Students meet with college administration to discuss steps toward going ‘green’
In recent months, Augie Green has intensified its push for what senior Mason Voehl calls a “culture of sustainability” at Augustana.
“Sustainability and going green have been really trendy, but I don’t see that going away,” Voehl said. “As a campus we haven’t really celebrated that together.”
Although Augustana does not have any big-picture projects underway, biology professor Steve Matzner says Augie Green has made several small steps toward sustainability in the last five years. The campus garden, a small plot of land on 33rd and Grange, is maintained by the student organization, and its produce is donated to the banquet. According to Matzner, community involvement of this kind is a vital step to a sustainable campus.
“I think we’re at a tipping point where we can start to make some really big changes,” Matzner said.
In a Feb. 25 meeting with professors and members of Augie Green, president Rob Oliver encouraged them to continue making similar efforts.
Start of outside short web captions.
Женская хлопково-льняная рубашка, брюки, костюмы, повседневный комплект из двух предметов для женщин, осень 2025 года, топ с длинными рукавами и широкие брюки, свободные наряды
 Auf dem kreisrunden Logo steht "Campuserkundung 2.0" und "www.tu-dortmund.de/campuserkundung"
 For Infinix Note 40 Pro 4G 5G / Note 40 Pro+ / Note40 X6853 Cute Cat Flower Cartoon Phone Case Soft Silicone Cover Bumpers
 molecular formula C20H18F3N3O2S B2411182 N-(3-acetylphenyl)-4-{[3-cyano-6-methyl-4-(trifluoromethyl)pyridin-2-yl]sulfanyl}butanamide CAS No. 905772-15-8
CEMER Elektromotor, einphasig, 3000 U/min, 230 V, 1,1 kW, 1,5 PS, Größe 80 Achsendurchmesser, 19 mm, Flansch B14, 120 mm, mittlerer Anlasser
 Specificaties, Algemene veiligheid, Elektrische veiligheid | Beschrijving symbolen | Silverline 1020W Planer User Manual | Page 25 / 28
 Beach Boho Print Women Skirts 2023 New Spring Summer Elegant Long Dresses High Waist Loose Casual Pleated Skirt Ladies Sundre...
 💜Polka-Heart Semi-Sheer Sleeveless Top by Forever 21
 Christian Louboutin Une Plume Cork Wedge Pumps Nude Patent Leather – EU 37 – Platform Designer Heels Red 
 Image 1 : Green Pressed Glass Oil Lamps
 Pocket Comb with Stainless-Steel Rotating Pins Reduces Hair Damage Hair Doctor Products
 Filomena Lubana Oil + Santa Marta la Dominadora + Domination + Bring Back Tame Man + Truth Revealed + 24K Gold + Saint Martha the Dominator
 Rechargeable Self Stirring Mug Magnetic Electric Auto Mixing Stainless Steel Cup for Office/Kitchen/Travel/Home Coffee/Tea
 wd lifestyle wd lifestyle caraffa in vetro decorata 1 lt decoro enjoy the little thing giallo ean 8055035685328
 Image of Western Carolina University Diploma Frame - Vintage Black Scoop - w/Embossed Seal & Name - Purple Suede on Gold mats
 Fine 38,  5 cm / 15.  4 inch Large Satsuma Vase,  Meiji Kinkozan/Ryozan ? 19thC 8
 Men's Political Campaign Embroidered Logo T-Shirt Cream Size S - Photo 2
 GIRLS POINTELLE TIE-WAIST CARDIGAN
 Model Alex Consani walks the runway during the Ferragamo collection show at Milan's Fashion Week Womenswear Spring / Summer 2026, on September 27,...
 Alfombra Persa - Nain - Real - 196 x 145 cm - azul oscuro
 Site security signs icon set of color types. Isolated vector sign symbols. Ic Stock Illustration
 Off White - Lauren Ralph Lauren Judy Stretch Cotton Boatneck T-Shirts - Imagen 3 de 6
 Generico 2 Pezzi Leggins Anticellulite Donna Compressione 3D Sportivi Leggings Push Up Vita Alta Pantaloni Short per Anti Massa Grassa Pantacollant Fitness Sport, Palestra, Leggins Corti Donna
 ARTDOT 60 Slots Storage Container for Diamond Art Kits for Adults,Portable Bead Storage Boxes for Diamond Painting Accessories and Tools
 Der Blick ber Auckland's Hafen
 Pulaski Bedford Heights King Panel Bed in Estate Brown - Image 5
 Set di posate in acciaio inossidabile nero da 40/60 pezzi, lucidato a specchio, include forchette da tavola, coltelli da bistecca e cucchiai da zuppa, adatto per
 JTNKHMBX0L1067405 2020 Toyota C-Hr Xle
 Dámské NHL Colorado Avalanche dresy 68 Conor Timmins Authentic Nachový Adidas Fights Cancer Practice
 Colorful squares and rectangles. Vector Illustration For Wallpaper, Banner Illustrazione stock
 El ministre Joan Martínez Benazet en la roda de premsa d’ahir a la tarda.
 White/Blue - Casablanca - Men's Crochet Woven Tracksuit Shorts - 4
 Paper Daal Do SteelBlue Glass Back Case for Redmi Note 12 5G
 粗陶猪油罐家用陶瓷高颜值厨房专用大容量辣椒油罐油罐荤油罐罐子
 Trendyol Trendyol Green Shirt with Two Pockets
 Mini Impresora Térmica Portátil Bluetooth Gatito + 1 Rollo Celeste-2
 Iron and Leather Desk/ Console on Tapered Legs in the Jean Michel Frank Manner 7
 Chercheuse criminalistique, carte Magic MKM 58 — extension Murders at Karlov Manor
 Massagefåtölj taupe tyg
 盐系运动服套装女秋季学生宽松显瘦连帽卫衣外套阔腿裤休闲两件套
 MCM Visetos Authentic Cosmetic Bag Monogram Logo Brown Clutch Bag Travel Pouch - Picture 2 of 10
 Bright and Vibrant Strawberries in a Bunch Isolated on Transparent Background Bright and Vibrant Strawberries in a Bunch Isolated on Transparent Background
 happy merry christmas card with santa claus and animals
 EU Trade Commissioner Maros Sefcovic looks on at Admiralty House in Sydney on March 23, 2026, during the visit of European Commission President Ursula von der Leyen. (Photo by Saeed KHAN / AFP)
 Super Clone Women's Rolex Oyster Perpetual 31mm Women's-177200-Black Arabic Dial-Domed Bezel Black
“We have to think about the big picture all the time and try not to get frustrated, but then we need to think small,” Oliver said.
Larger projects, which Voehl says are not feasible for student organizations to complete alone, will also become a higher priority, according to Oliver. For Voehl this would mean hiring full- or part-time sustainability staff, and Oliver says discussions have been held about energy-efficient theme houses or a windmill at the new science center. However, Oliver also stressed the need to advertise what Augustana already does.
“We haven’t done a very good job of committing ourselves to our values and our stories,” Oliver said.
Telling these “stories,” like the current transition to campus-wide, energy-efficient lighting, would bring more than fiscal benefits to Augustana in the long run, according to Voehl. He says he has spoken to many perspective students who look specifically for schools with sustainability programs.
“It tells them something about the character of the college, that it’s progressing in this way,” Voehl said. “That says a lot to a prospective student.”
Many of Augie’s sister schools have adopted similar policies and have major projects well under way, according to Matzner. Voehl says this gap between Augustana and similar schools is due to a lack of communication between students and administration. He calls the cycle a “waiting game.” Students wait to hear about opportunities to help, but administration understands their silence to mean disinterest.
“It seems like everyone on campus is waiting for someone else to start that change,” Voehl said.
Junior Olivia Hopewell, president of Augie Green, says that although sustainability “makes so much sense intuitively,” there has to be a feeling of responsibility on the part of both students and faculty.
“The problem isn’t that there’s no information. We just have to get people to care about it,” Hopewell said.
Matzner says students have plenty of reasons to care.
“I think it’s easy to be isolated when you’re a student at Augie, but your generation is inheriting the world that has a lot of problems,” Matzner said. “You should be educated on the issues because it’s your world.”
For philosophy professor David O’Hara, the issue extends beyond the direct effect sustainability will have on current students.
“We are the stewards of this world, not its permanent owners,” O’Hara said. “The world has been placed in our care, and it’s up to us to become good stewards and good ancestors.”
If students are interested in learning more about this topic, Augie Green meetings are held on Tuesdays at 6 p.m. in the Siverson Lounge.